紫陽花ロマンス
「家はこの近くですか?」
続けざまに彼が尋ねる。
「はい、月見ヶ丘です」
「そうなんだ、僕の職場が月見ヶ丘なんです。家はこの近くなんですけど」
大げさなほど驚いてみせる彼。
何とか会話が途切れないように、気を遣ってくれているんだ。また黙り込んでしまわないように。
「月見ヶ丘ということは、もしかしてT重工ですか?」
手に取ったグラスで顔を隠すように彼を見た。目が合った瞬間、彼の顔色が明るくなる。僅かに微笑んだように見えた。
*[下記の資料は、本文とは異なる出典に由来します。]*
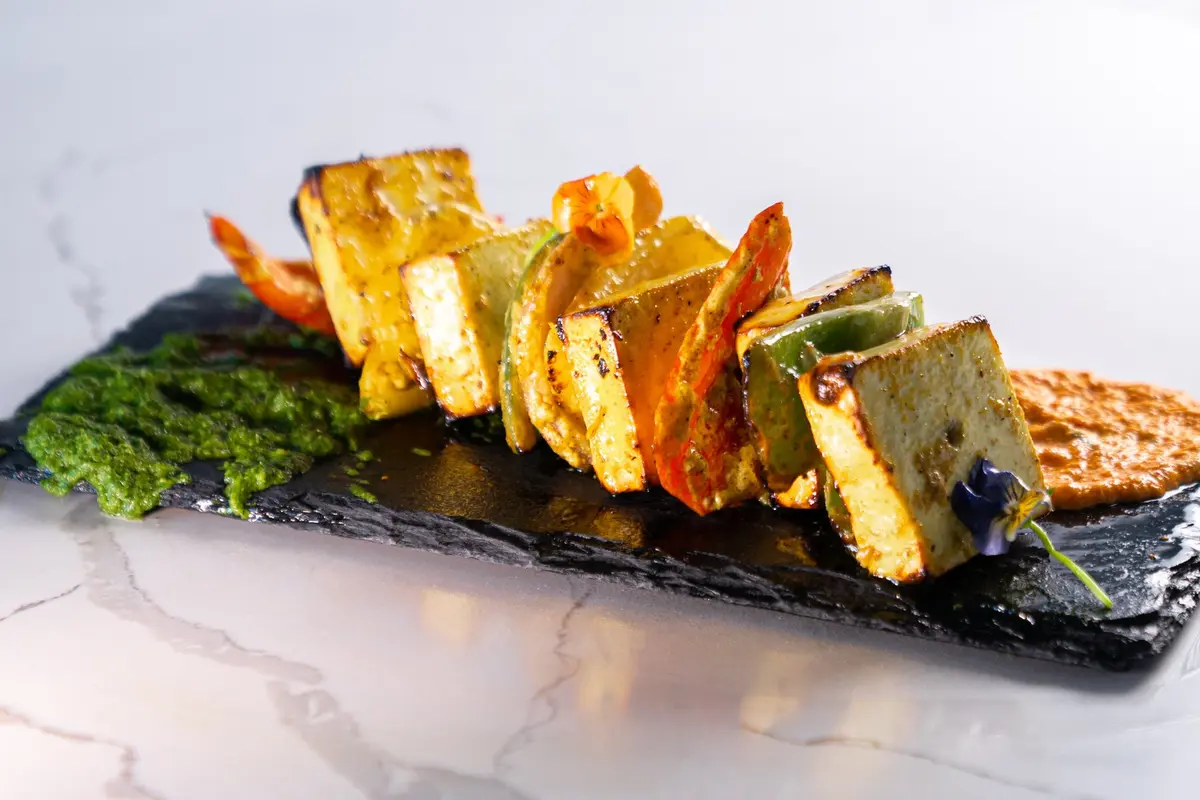 Paneer at The Treasury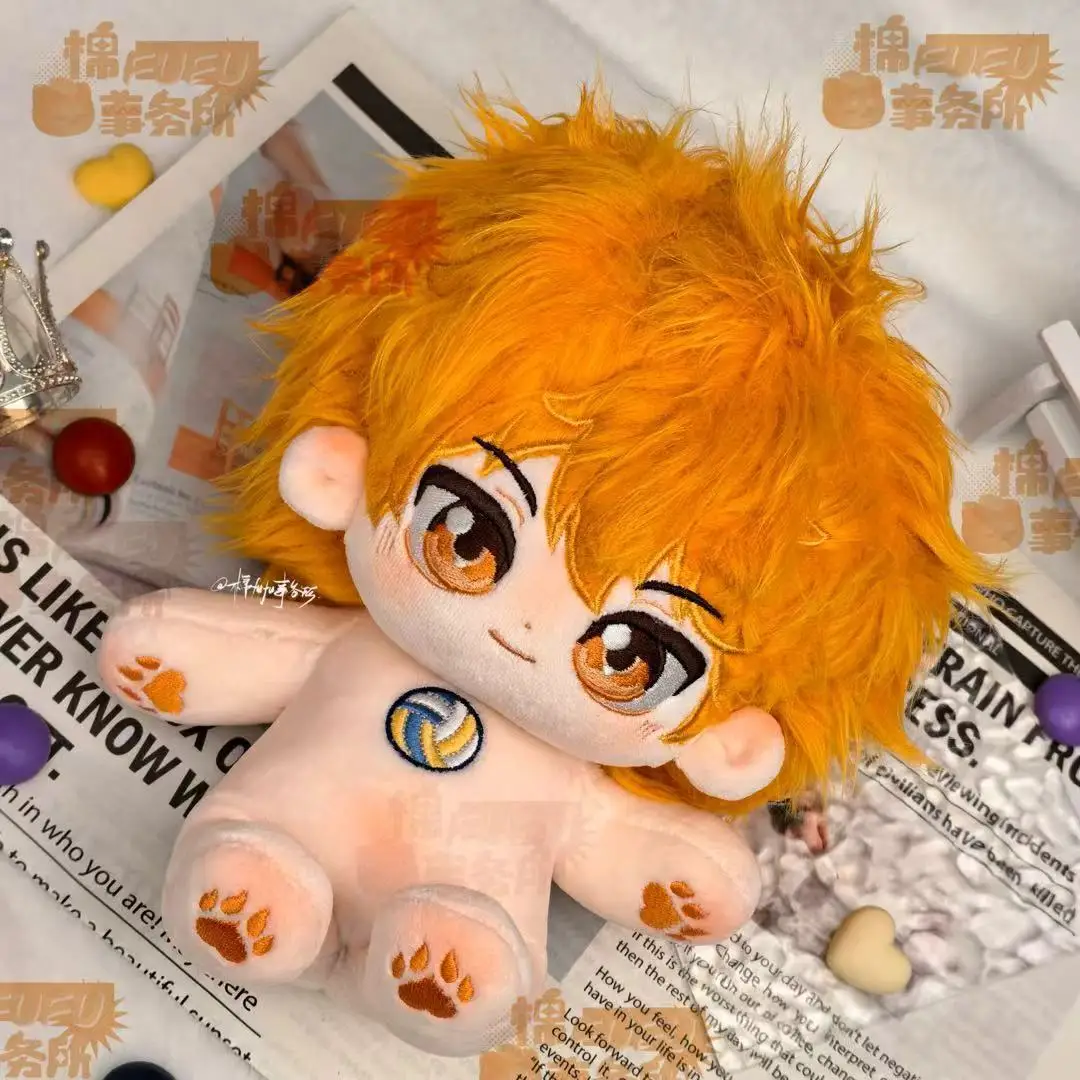 Anime Attribute Dolls Cotton Doll Body With Skeleton Cosplay Anime Handsome Little Sun 20CM Dress Up Plush Stuffed Toy Plushie
Anime Attribute Dolls Cotton Doll Body With Skeleton Cosplay Anime Handsome Little Sun 20CM Dress Up Plush Stuffed Toy Plushie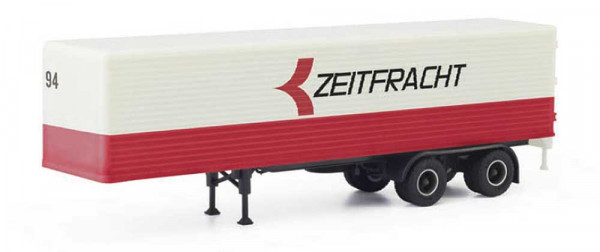 Herpa 87MBS026451 - Kofferauflieger "Zeitfracht"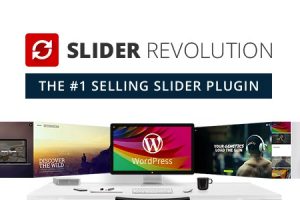 Slider Revolution 6.6.9（核心插件+拓展组件+模板）最流向的轮播滑块插件免费下载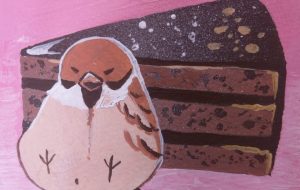 すずめのチョコレートケーキ - Mika Neichi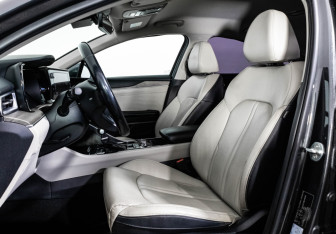 Подержанный автомобиль Kia K5 2021 года (21 фото)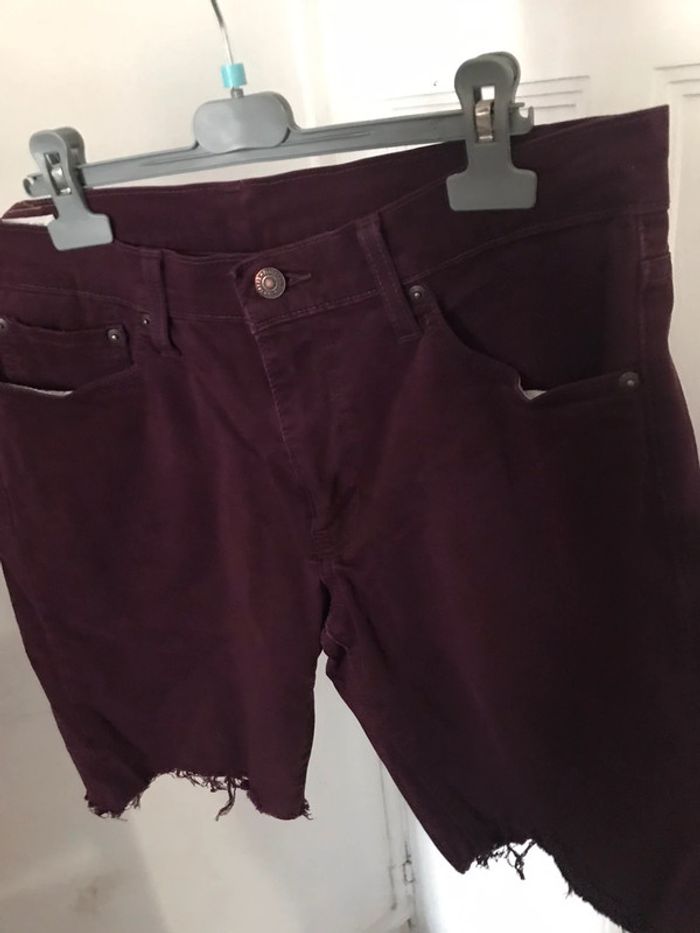 Short Levis (levi’Strauss) model 511 W33 (42-44 taille française) - photo numéro 18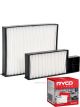 Ryco Cabin Air Filter RCA240P + Service Stickers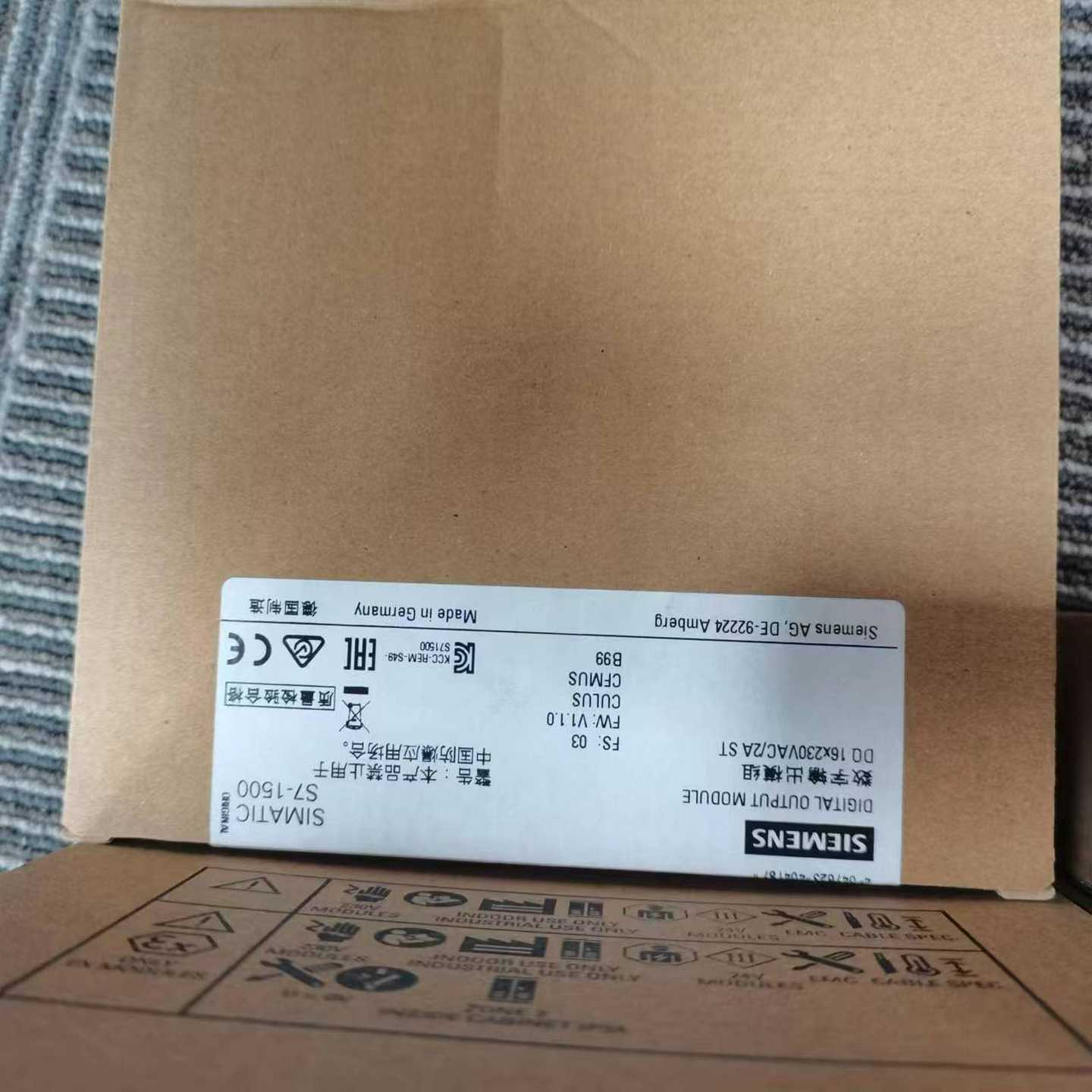 德国西门子6EpS76546CQ033BF1模块全新原装现货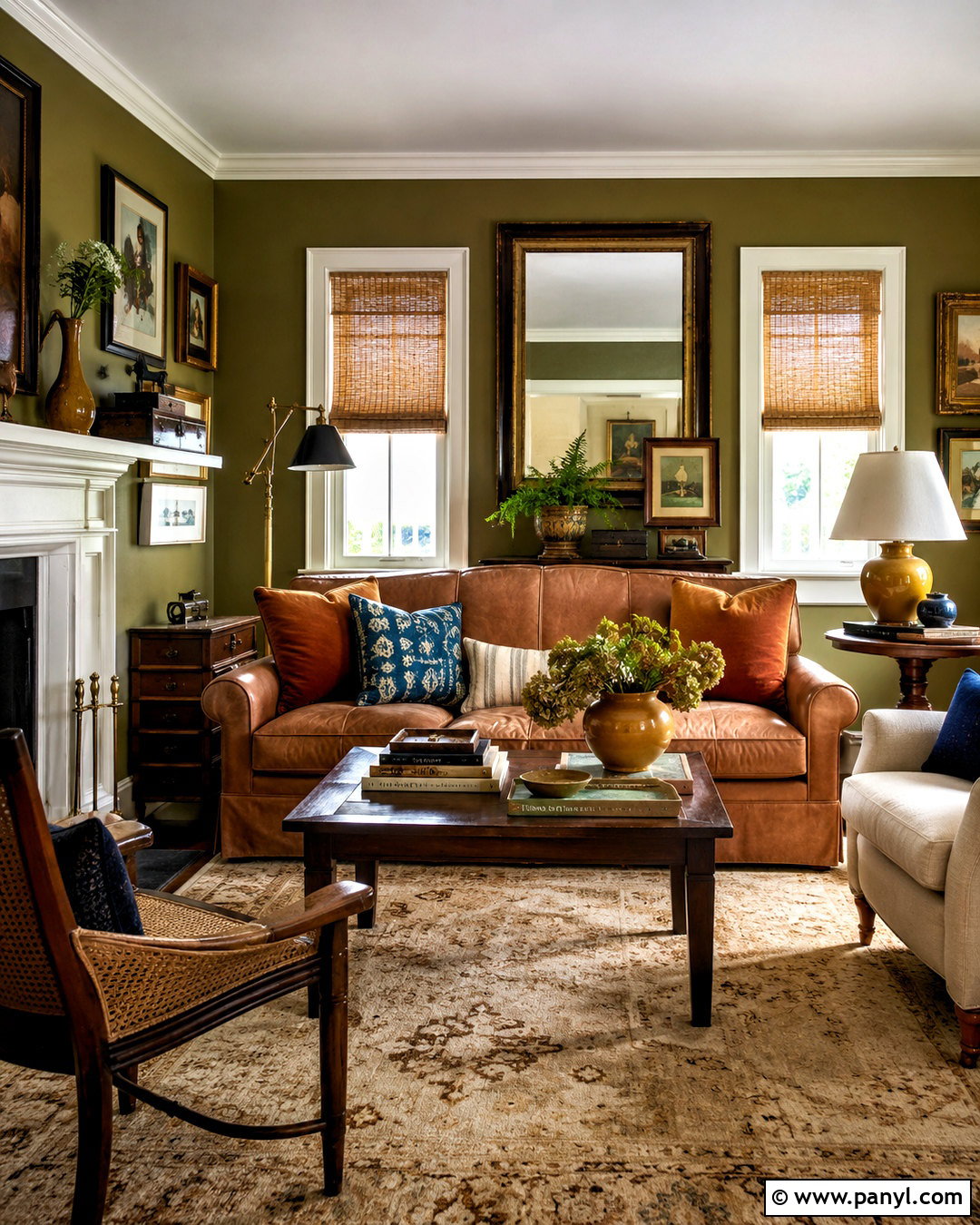Olive Green Living Room Paint - 20 living paint color ideas
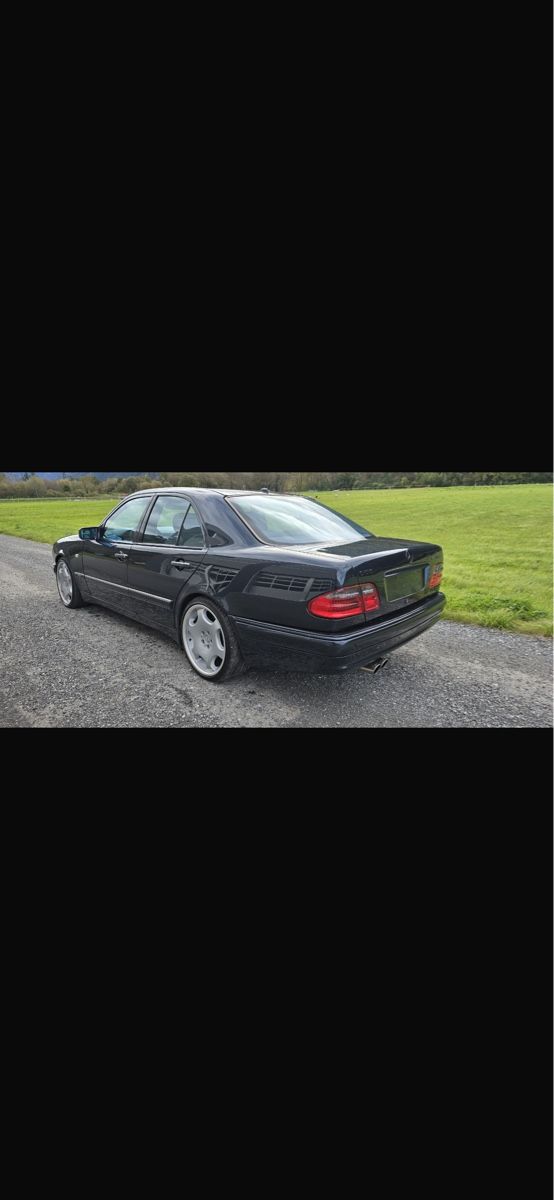 Mercedes-Benz Autos: Mercedes E55 AMG in  Top Zustand – Gebraucht aus Lengnau BE von riz007 9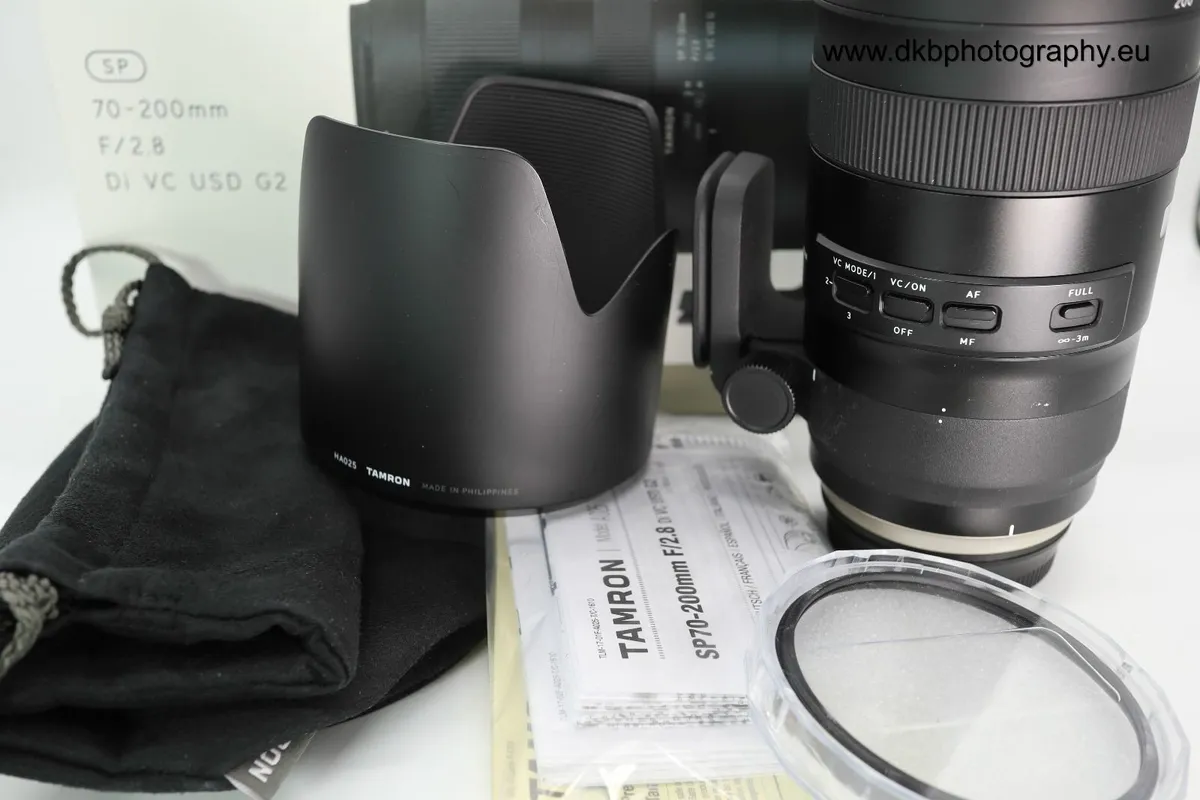 TAMRON SP 70-200mm F2.8 Di VC USD G2 LENS (Canon) - Image 3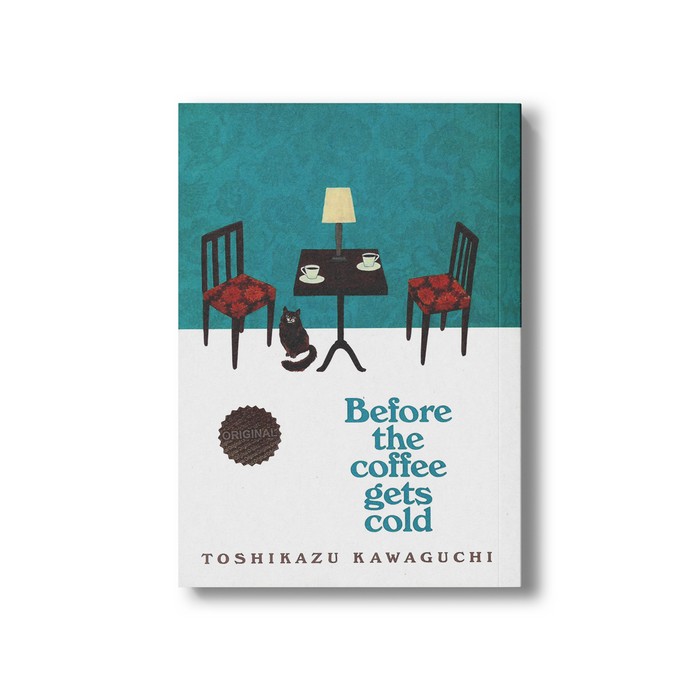 کتاب Before the Coffee gets cold اثر Toshikazu Kawaguchi نشر مات کتاب Before the Coffee gets cold اثر Toshikazu Kawaguchi نشر مات - تصویر 1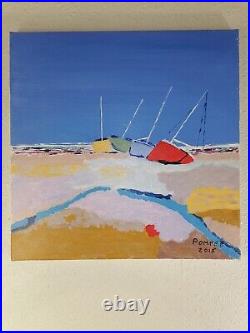 Peinture Sur Toile, Maritime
「いいえ、僕はT重工の協力会社です。岩隈テクノスっていうんですが、知ってます?」
「ああ、知ってますよ。私、T重工に勤めていたから」
言ってしまってから気がついた。
私、言わなくていいこと言ったかも。
「そうなんだ……T重工、どうして辞めたんですか?」
ほら、余計な事言ったから突っ込まれた。
「出産退職です。続けてもよかったけど、上司が嫌いだったから早く辞めたかったし」
これは本当。
出産も理由のひとつだけど、上司のねちねちした性格が大嫌いだったことももうひとつの理由。
彼の返事はない。
どうしたのかと見た彼は、目を丸くしてる。